What is the result of 3 copies of 1/3?
The Correct Answer and Explanation is:
The result of 3 copies of ( \frac{1}{3} ) is:
[
3 \times \frac{1}{3} = 1
]
Explanation:
To understand why this is true, let’s start by analyzing what it means to have “3 copies of ( \frac{1}{3} ).” In mathematical terms, “3 copies of ( \frac{1}{3} )” is equivalent to multiplying 3 by ( \frac{1}{3} ), or simply:
[
3 \times \frac{1}{3}
]
When you multiply a whole number by a fraction, you’re essentially adding the fraction that many times. So, ( 3 \times \frac{1}{3} ) means adding ( \frac{1}{3} ) three times:
[
\frac{1}{3} + \frac{1}{3} + \frac{1}{3}
]
When we add fractions, we add the numerators (top numbers) while keeping the denominator (bottom number) the same, as long as the fractions share the same denominator. Here, the sum is:
[
\frac{1 + 1 + 1}{3} = \frac{3}{3}
]
Now, ( \frac{3}{3} ) simplifies to 1, because dividing a number by itself gives 1:
[
\frac{3}{3} = 1
]
Why This Works:
This multiplication problem follows a key rule of fractions and whole numbers: when you multiply a whole number by a fraction, you’re effectively scaling or resizing the fraction. In this case, we have 3 parts of ( \frac{1}{3} ), which completes a whole. Since three parts of one-third add up to one whole, ( 3 \times \frac{1}{3} = 1 ).

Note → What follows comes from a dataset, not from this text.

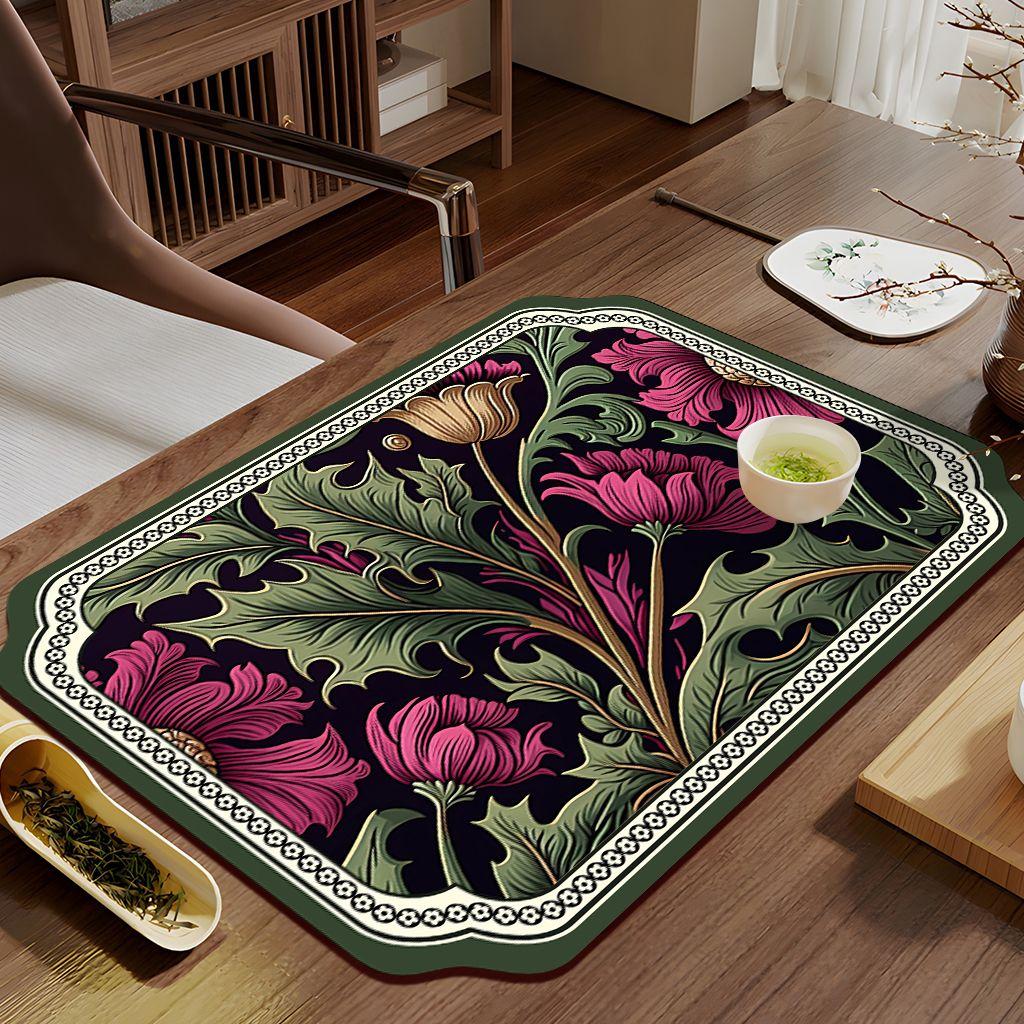 Rectangular Tea Mat Absorption and Quick Drying Tea Tray for Home Living Room Carpet Quick Drying Mat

This concept is fundamental in understanding fractions and multiplication. By recognizing that groups of a fraction can total a whole, we see how fractions and whole numbers interact, which is essential in various real-world applications, like measuring ingredients in cooking or dividing objects into equal parts.